First, in the context of this argument, I'm talking about work in high level
languages like Python, JS, fairly expressive C++, etc. If we were coding in
assembler -- LEA, LDR, JNZ.. -- I'd definitely want a ton of low level
comments!

When I say wasting space, it's not about disk space, or shrinking your screen
size, or even formatting. It's more about what you can see all at once.

Think back to a recent time when you had a tough to fix bug. Like something
really not trivial that you beat yourself up about for a while.

I bet it involved you working through various levels of libraries, opening
them side by side or paging back and forth, trying to figure out what went
wrong in the logic.

It probably wasn't cuz you misunderstood what a variable did. We have great
ways to document that, like the function header.

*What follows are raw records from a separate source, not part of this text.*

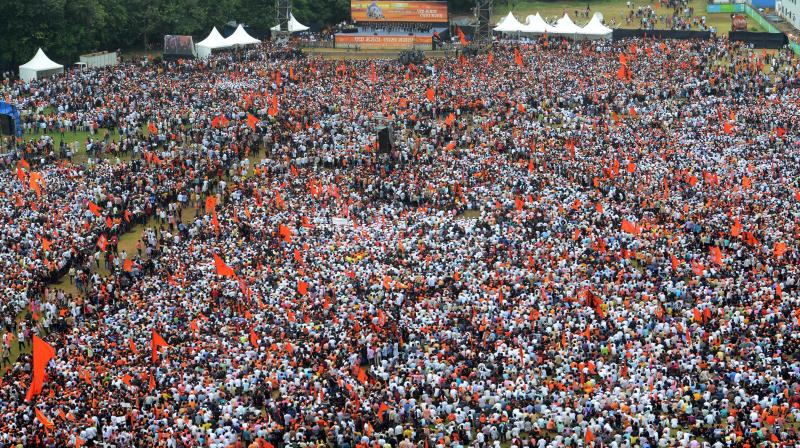The chief ministers announcement came on a day the Maratha community took out a massive silent march- Maratha Kranti Morcha - in south Mumbai to press for reservation in jobs and education, among other demands. (Photo: Rajesh Jadhav)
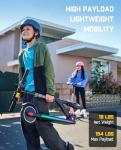 FanttikRide T9 Apex Electric Scooter for Kids 4.3-5.6 ft,200 W Motor, LED Colorful Lights with Bluetooth Music Speaker, 7/10/12 MPH Digital Display, Adjustable Height, Foldable, Up to 40 mins,Black
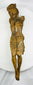 Antique Spanish Colonial Corpus Christi figure showing expressive facial carving and remnants of gilded paint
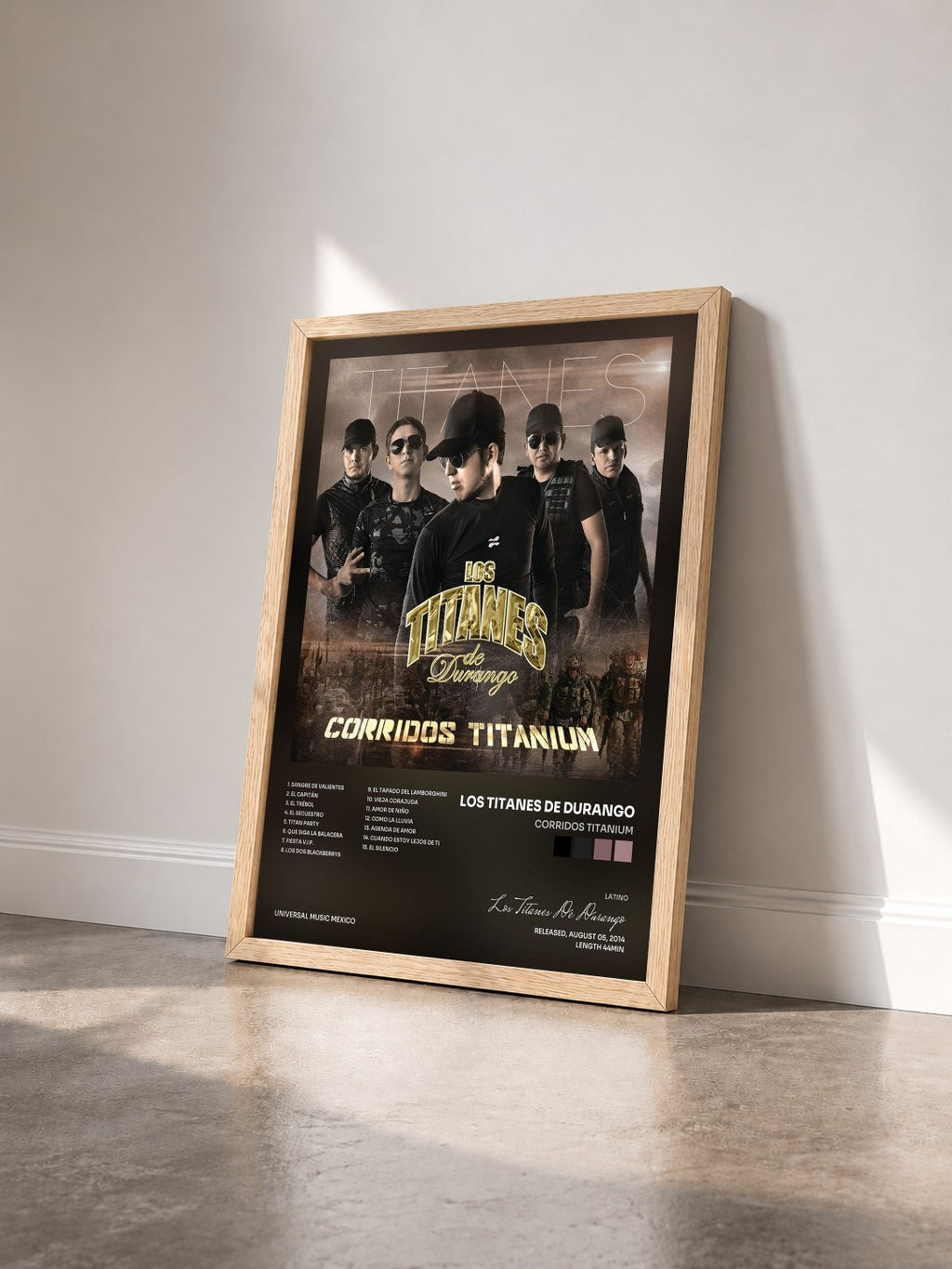 #bois Tableau de l'album Corridos Titanium de Los Titanes De Durango vu de trois quarts, cadre en bois brut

Now imagine that process if it's all on the same screen. If everything feels
"tangible" to you, because each level of logic (to some reasonable point) is
visible, accessible.

When I encounter a code base with hundreds of source files in various folders
and some flimsy abstraction tying it all together, such that I can't see a
clear delineation between parts, I go nuts!

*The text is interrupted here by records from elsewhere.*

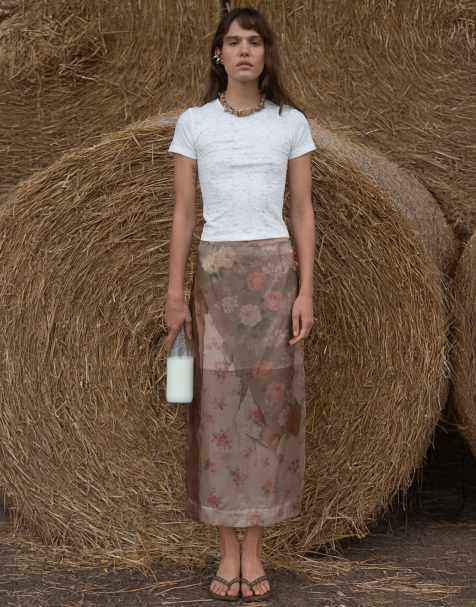 Muse Assembly printed organza maxi skirt in muted florals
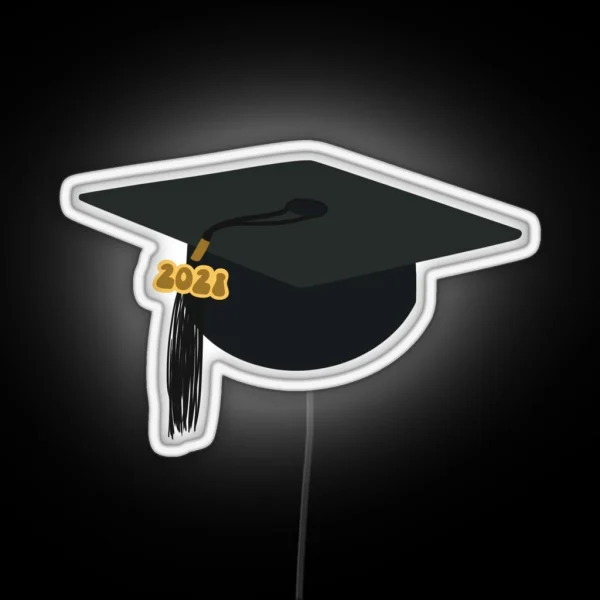 2021 Black Graduation Cap RGB Neon Sign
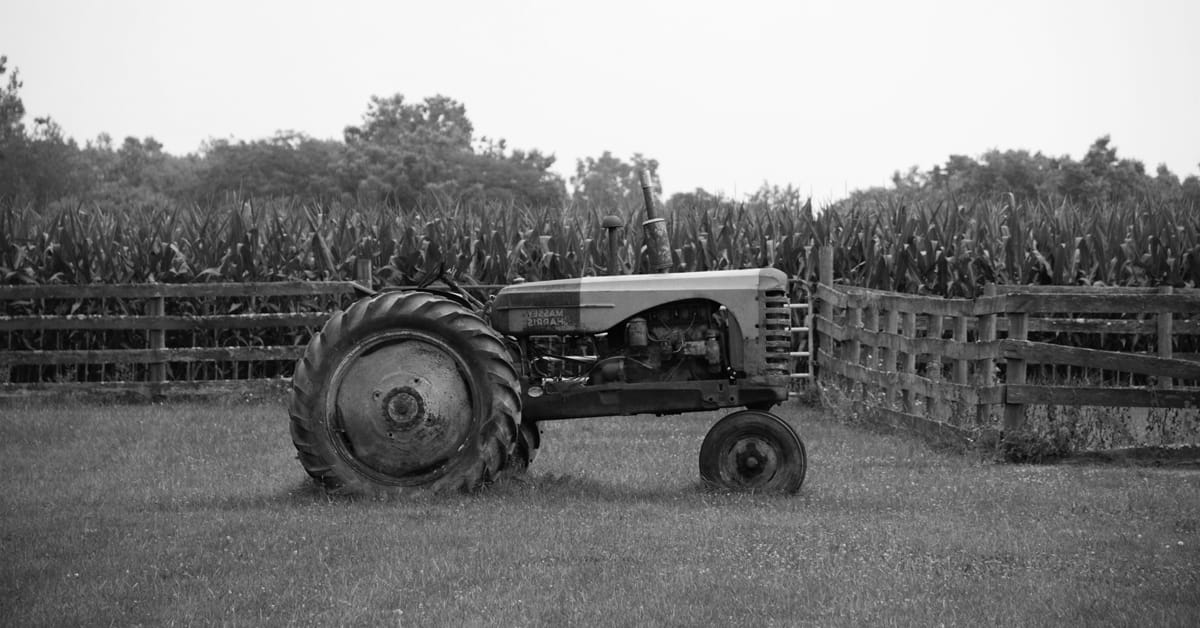 How I Fell in Love with Story; a tractor in the middle of a field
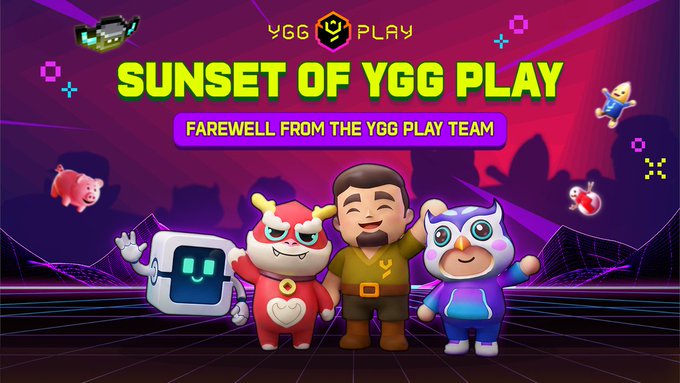 Promotional graphic reading 'SUNSET OF YGG PLAY - FAREWELL FROM THE YGG PLAY TEAM' featuring cartoon mascots including a robot, red creature, bearded man, and owl against a purple retro grid background.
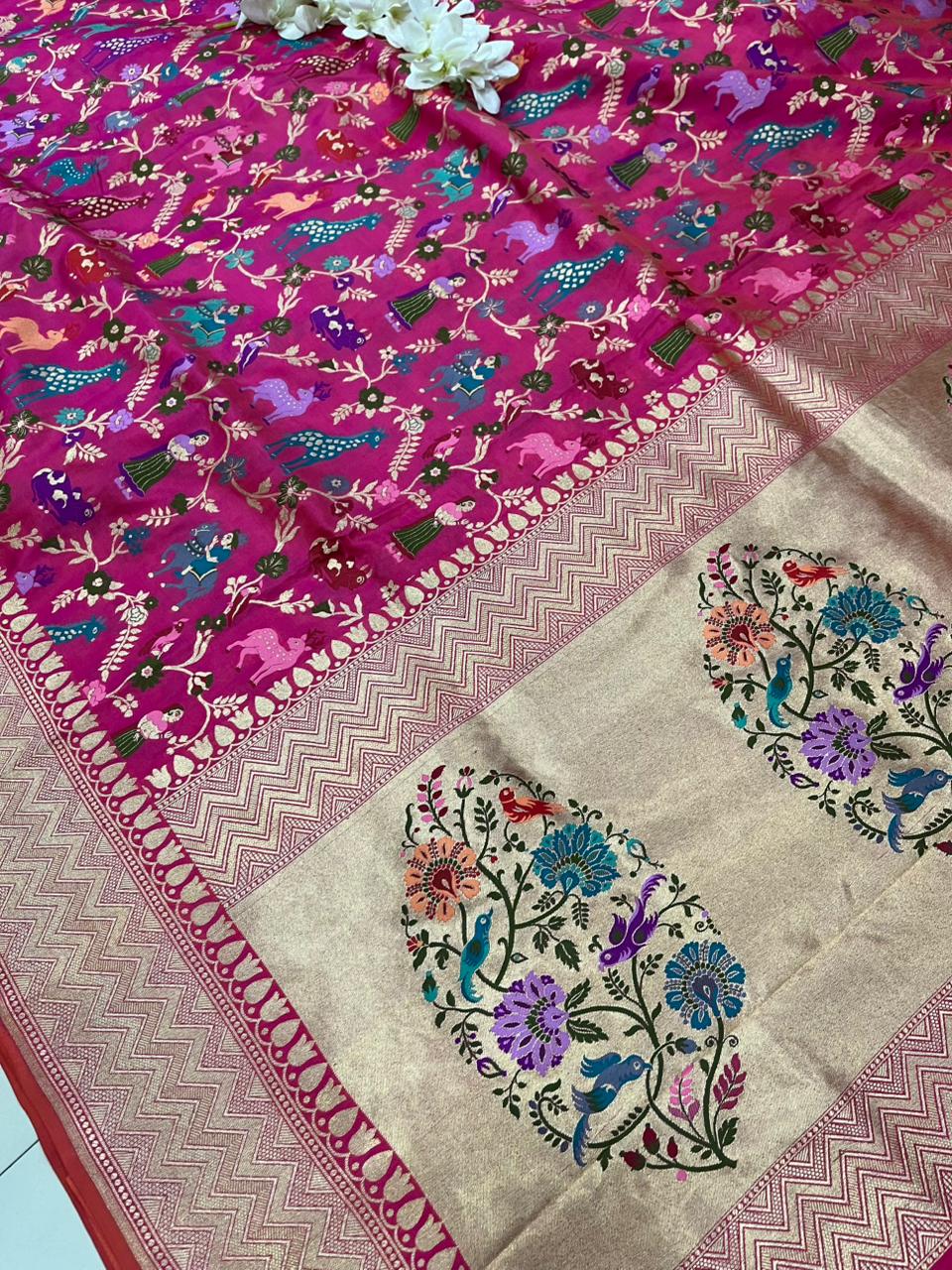 Pink Handloom Banarasi Pure Katan Silk Animal Flower Design Meenkari Saree - Luxurion World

Here's a very practical example. Imagine you have some library that wraps a
remote API. Something important, like Payments. The hard part there is
understanding failures (does it retry?), edge cases (whats diff when i run a
test CC#?), stored state (can I resume this from a different part of the
code?).. those things are mighty hard to glean even from good statement-level
comments, even if I could take the time to read all 3,000 lines of code.

We need higher level great docs.

I'd love to code in English or something like it, but looking at the code on
my screen right now, those would be some really complex sentence structures.
:)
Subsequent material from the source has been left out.